Art. 55 Abs. 5 5 Entspricht die Anzahl der Kandidierenden der Anzahl zu besetzender Sitze, so erfolgt die Besetzung in stiller Wahl. Diese Regel gilt nicht für den ersten Wahlgang der Wahlen für den Staatsrat, die Genfer Deputation in den Ständerat und die Gemeindeexekutive.

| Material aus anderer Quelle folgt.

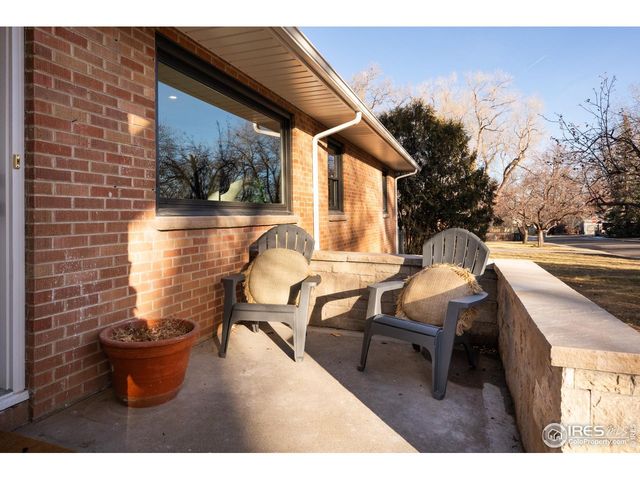 6 Sunset Cir, Longmont, CO 80501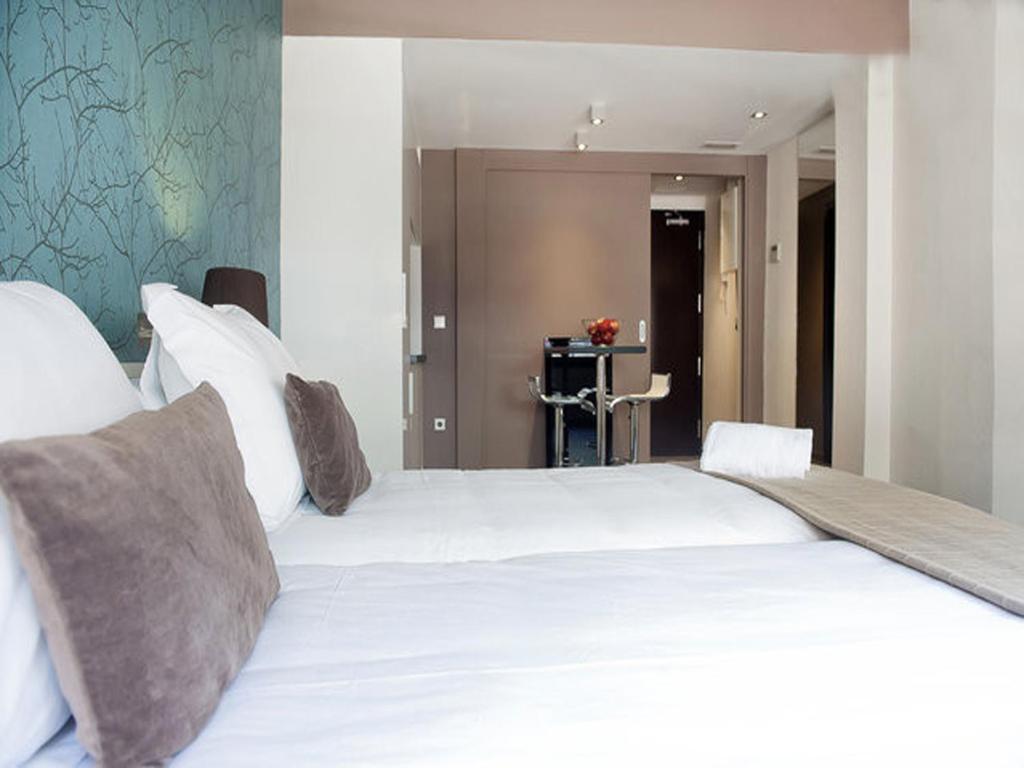 Barcelona Fifteen Central Aparthotel Phòng bức ảnh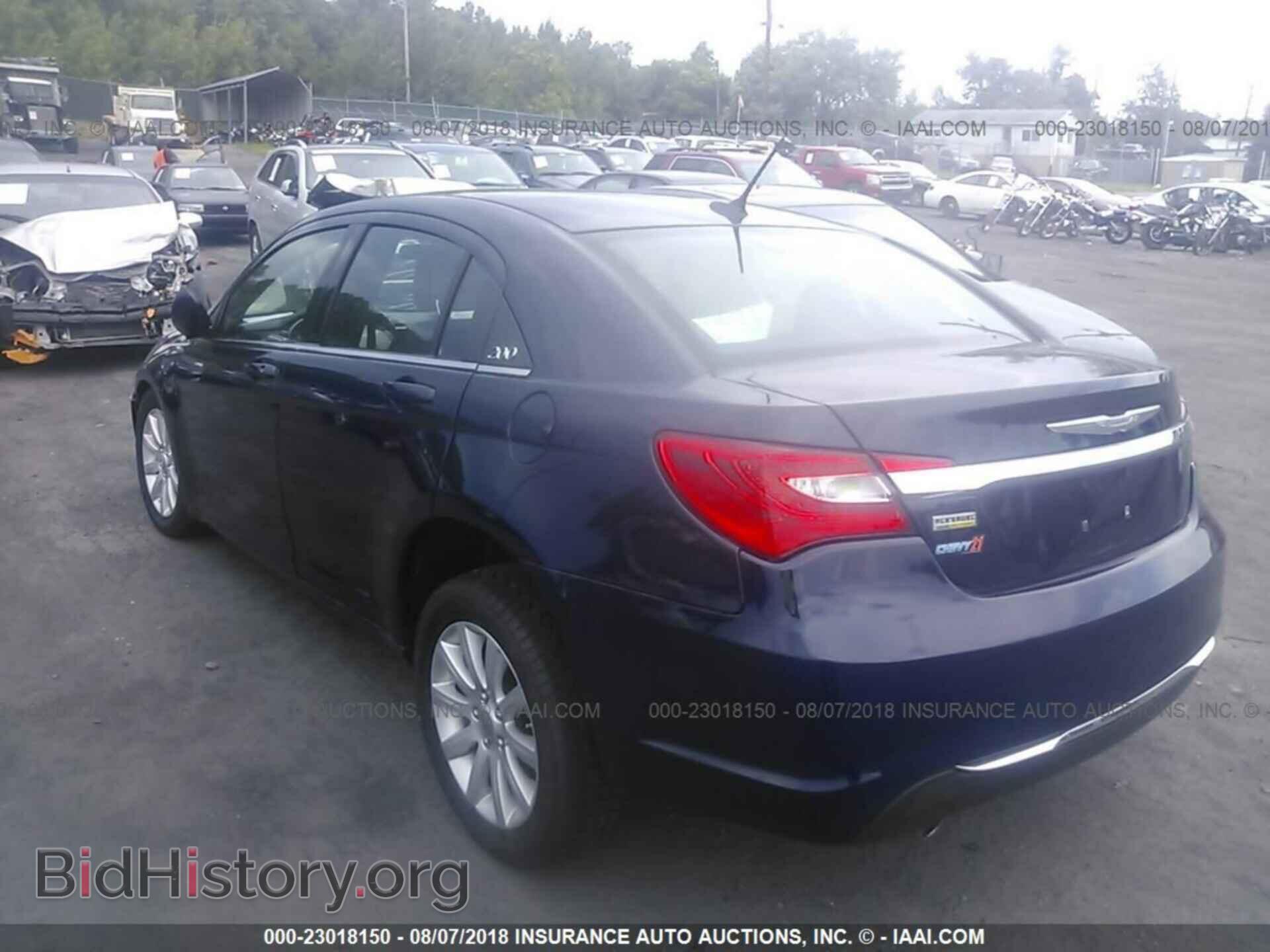 2013 Chrysler 200 - VIN: 1C3CCBBG9DN569419 - Фото 3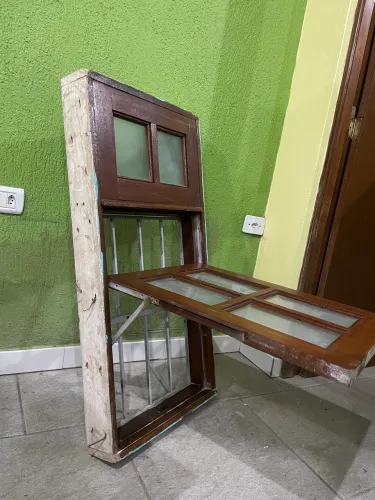  Vitros de madeira Angelin com grade 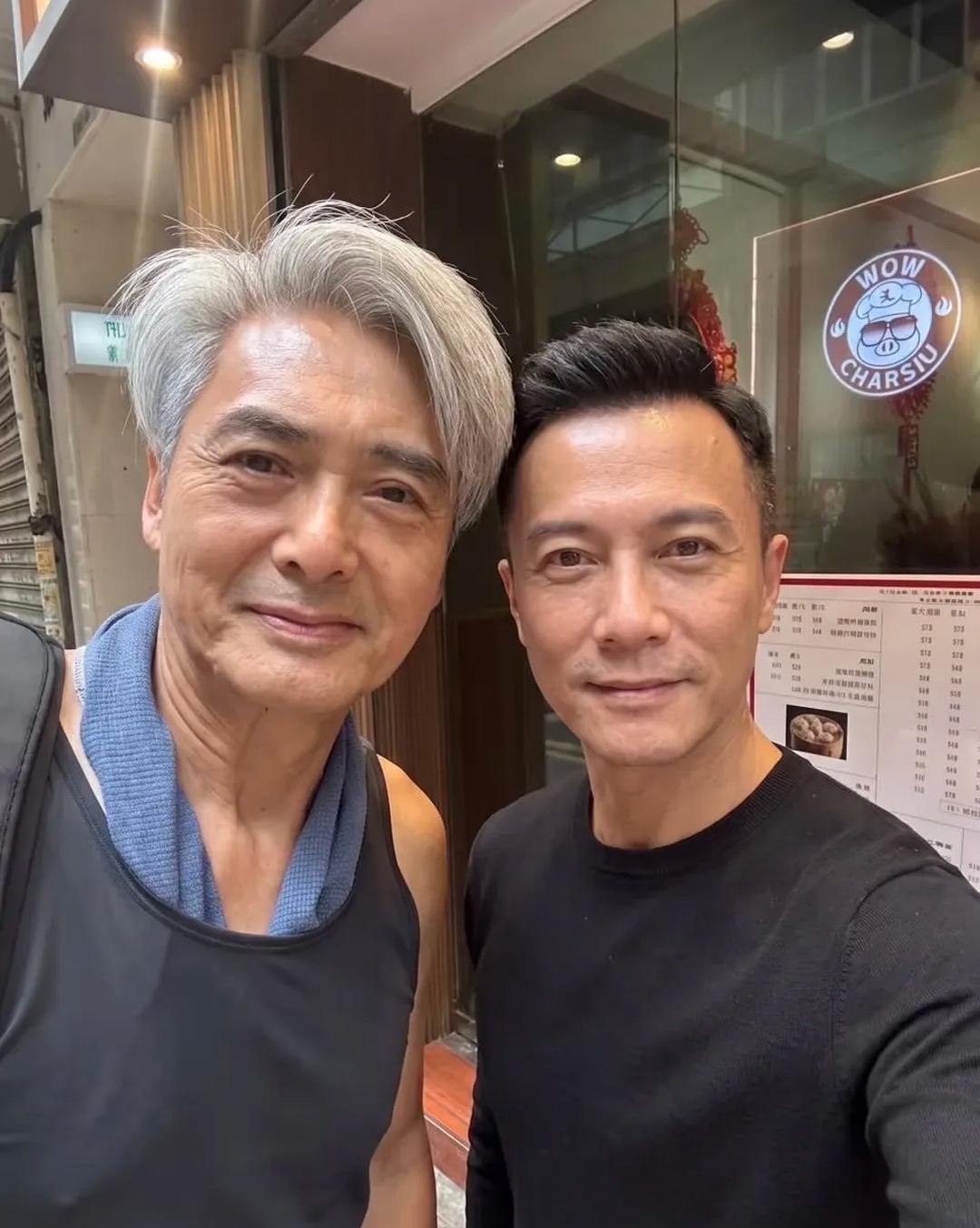 71岁周润发现身香港街头，独自开车去腊味店买叉烧，没有保镖助理随行。

昔日荧幕上叱咤风云的小马哥，褪去明星光环，偏爱市井烟火。

大红大紫依旧活得朴素，这份从容淡然，才是难得的通透。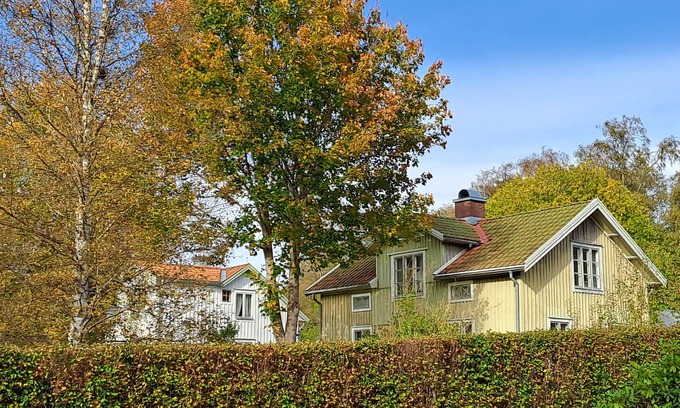 Bodafors House | Dammgatan by House Viola, sleeps 14. Two charming houses near lakes & nature.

Art. 55 Abs. 5 5 Entspricht die Anzahl der Kandidierenden der Anzahl zu besetzender Sitze, so erfolgt die Besetzung in stiller Wahl. Diese Regel gilt nicht für den ersten Wahlgang der Wahlen für den Staatsrat und die Genfer Deputation in den Ständerat.

Die neue Bestimmung hebt das Verbot einer stillen Wahl im ersten Wahlgang für die Gemeindeexekutive auf.

Die Änderung betrifft die kantonale Organisationsautonomie und kann gewährleistet werden.

2

Verfassungsmässigkeit

2.1

Bundesrechtkonformität

Die Prüfung hat ergeben, dass die Änderungen der Verfassungen der Kantone Thurgau, Tessin, Wallis und Genf die Anforderungen von Artikel 51 BV erfüllen. Somit ist ihnen die Gewährleistung zu erteilen.

2.2

Zuständigkeit der Bundesversammlung

Die Bundesversammlung ist nach den Artikeln 51 und 172 Absatz 2 BV für die Gewährleistung zuständig.